Jones ultimately sued the State Police, alleging that Acord's behavior created a hostile work environment in violation of Title VII of the Civil Rights Act of 1964. After a four-day trial, a jury found in her favor, awarding $250,000 in compensatory damages. After the verdict, the District Court awarded Jones attorney's fees and costs, but declined her request for more damages. The State Police asked for a new trial or a reduction of the jury's verdict. The District Court denied that motion, and this timely appeal followed. While on appeal, Jones moved to remand pursuant to Fed. R. Civ. P. 60(a) “to correct an omission or mistake concerning the litigation costs and fee award order[—v]iz, convert the order to a judgment.”3 We granted the motion. On remand, Jones asked for a separate order awarding attorney's fees and costs and asked the District Court to reconsider several of its previous decisions. The District Court denied both requests, and Jones then appealed that decision. We have jurisdiction over both appeals under 28 U.S.C. § 1291.

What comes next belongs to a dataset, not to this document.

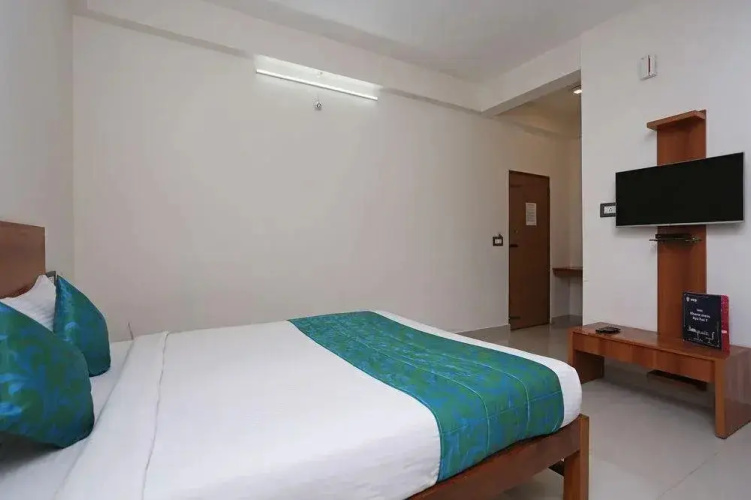 Hotel Le Comforts By OYO Rooms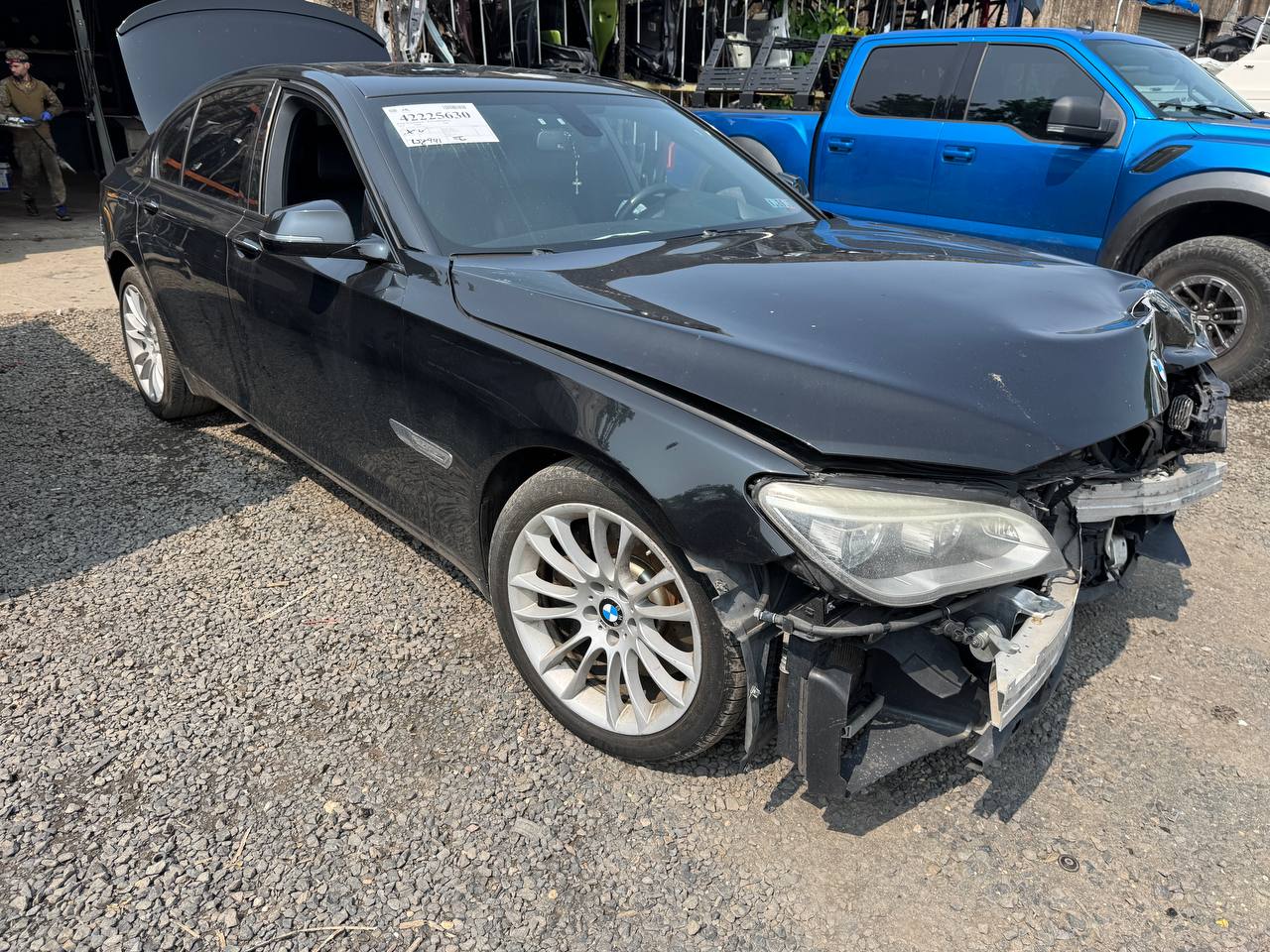 Donor vehicle 2014 BMW 750I xDrive Black - Alshned Auto Parts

II. The Emotional Distress Award Was Reasonable and Supported
The State Police raise several challenges to the portion of the jury's award compensating Jones for her emotional distress.4 Our review defers to the jury's verdict, and we therefore give Jones “the benefit of all logical inferences that could be drawn from the evidence presented, resolve all conflicts in the evidence in [her] favor and, in general, view the record in the light most favorable to [her].” Williamson v. Consol. Rail Corp., 926 F.2d 1344, 1348 (3d Cir. 1991); see also Cortez v. Trans Union, LLC, 617 F.3d 688, 718–19 (3d Cir. 2010) (noting that, when reviewing an award of damages in favor of a plaintiff, “we must view the facts in the light most favorable to” the plaintiff).

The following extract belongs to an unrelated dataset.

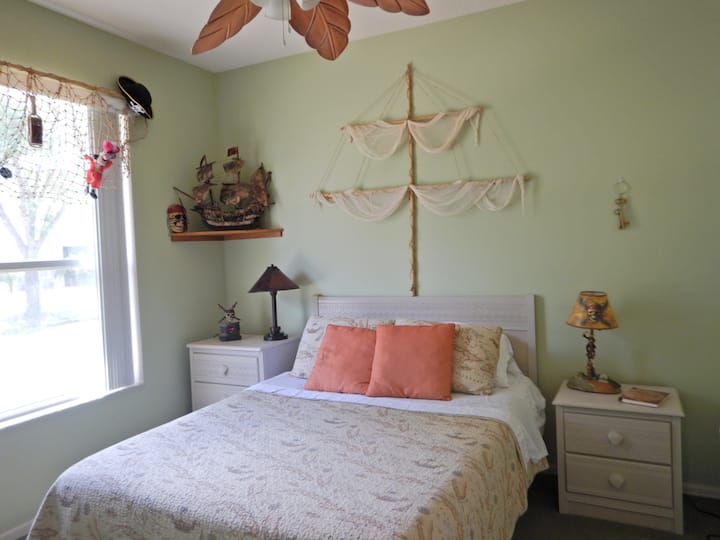 חדר פיראטים עם מיטת קווין סייז.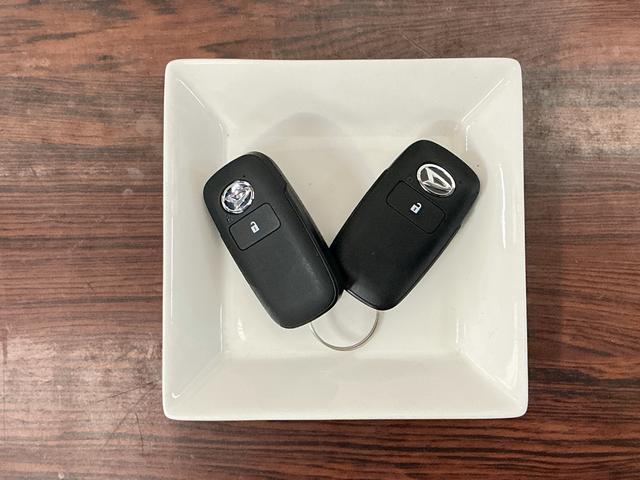 タフトＧ　ダーククロムベンチャー　スマートアシスト　シートヒーターワンオーナー　バックカメラ　スマートアシスト　ＬＥＤヘッドライト　シートヒーター　コーナーセンサー　アルミホイール　オートエアコン　オートライト　フォグランプ　プッシュボタンエンジンスタート　ＡＢＳ（京都府）の中古車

First, the State Police argue that since Jones never made a “formal” complaint until June 11, 2015, none of Acord's harassment before that date can support an award of emotional damages. (First Step Br. for Appellant at 18.) But our decisions make clear that a “formal” complaint is unnecessary; instead, an employer may become liable as soon as it “should have known” of a coworker's harassment. Andreoli v. Gates, 482 F.3d 641, 644 (3d Cir. 2007). And an employer gains such constructive knowledge when “an employee provides management level personnel with enough information to raise a probability of sexual harassment in the mind of a reasonable employer.” Huston v. Procter & Gamble Paper Prods. Corp., 568 F.3d 100, 105 (3d Cir. 2009). Jones's testimony shows that her superiors first learned of problems between her and Acord as early as July 2014. As a result, the jury could have found that the State Police had constructive knowledge of Acord's harassment when Jones first asked Acord to stop texting her, in December 2014.

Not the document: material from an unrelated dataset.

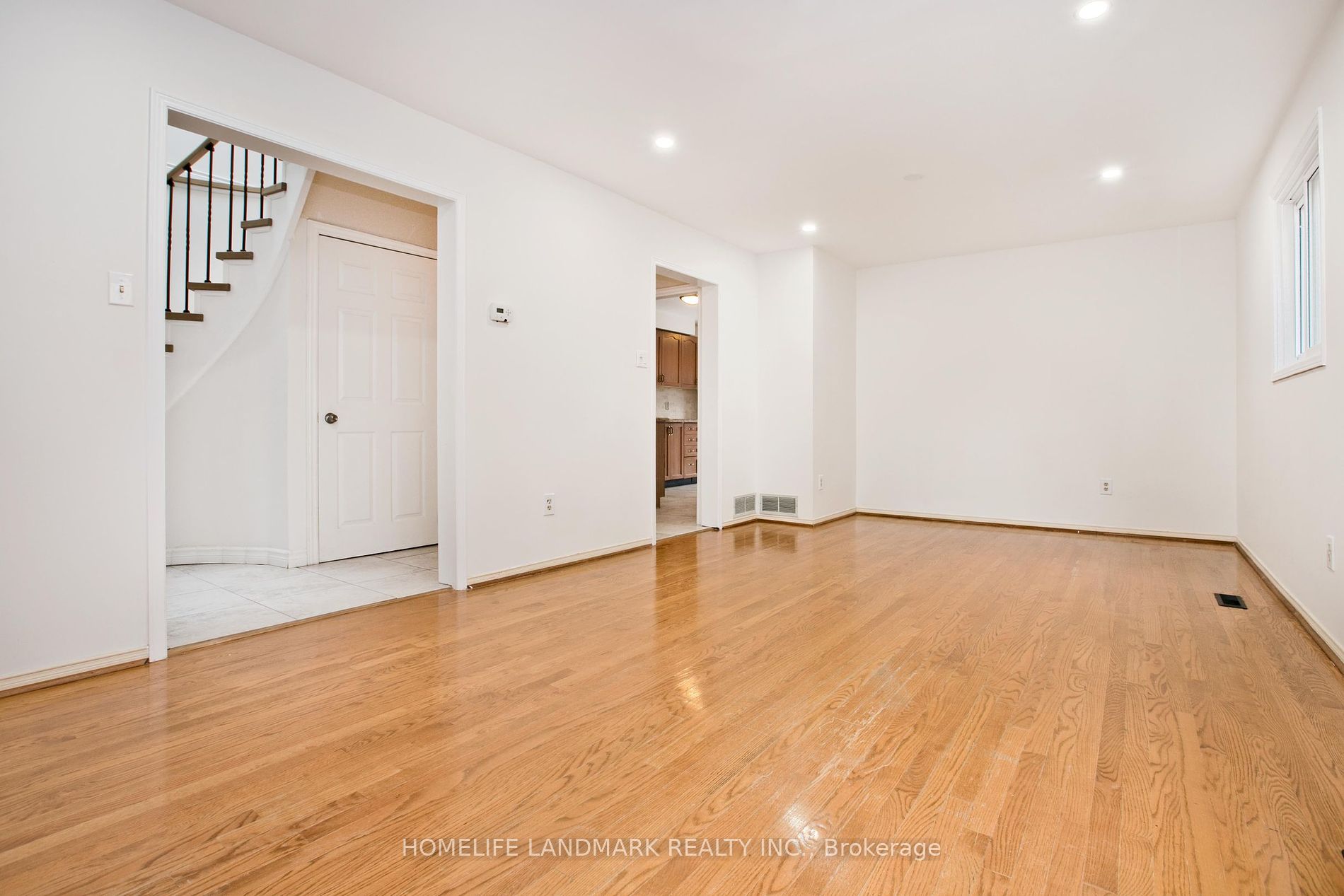 8 Laguna Crescent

Next, the State Police argue that the only evidence of Jones's emotional distress was her own testimony, and that such uncorroborated statements are insufficient. That argument ignores testimony from Jones's coworkers that spoke to her emotional state. The argument also ignores Jones's testimony about her physical illness and her treatment with a mental health professional. But in any case, we have never created a bright-line rule about the quantum of testimonial evidence necessary to support an award for emotional trauma. See Spence v. Bd. of Educ. of Christina Sch. Dist., 806 F.2d 1198, 1201 (3d Cir. 1986).
That leaves the State Police to argue that this Court should vacate the jury's award because it was simply too large. We disagree. Although Jones needed to show “a reasonable probability rather than a mere possibility that damages due to emotional distress were in fact incurred,” Gagliardo v. Connaught Labs., Inc., 311 F.3d 565, 573 (3d Cir. 2002), “we may disturb the district court's determination with respect to a remittitur ․ only if the verdict is so grossly excessive as to shock the judicial conscience.” Gumbs v. Pueblo Int'l, Inc., 823 F.2d 768, 771 (3d Cir. 1987). And we have noted that “emotional distress damages must be evaluated in light of all the circumstances surrounding the alleged misconduct.” Spence, 806 F.2d at 1202.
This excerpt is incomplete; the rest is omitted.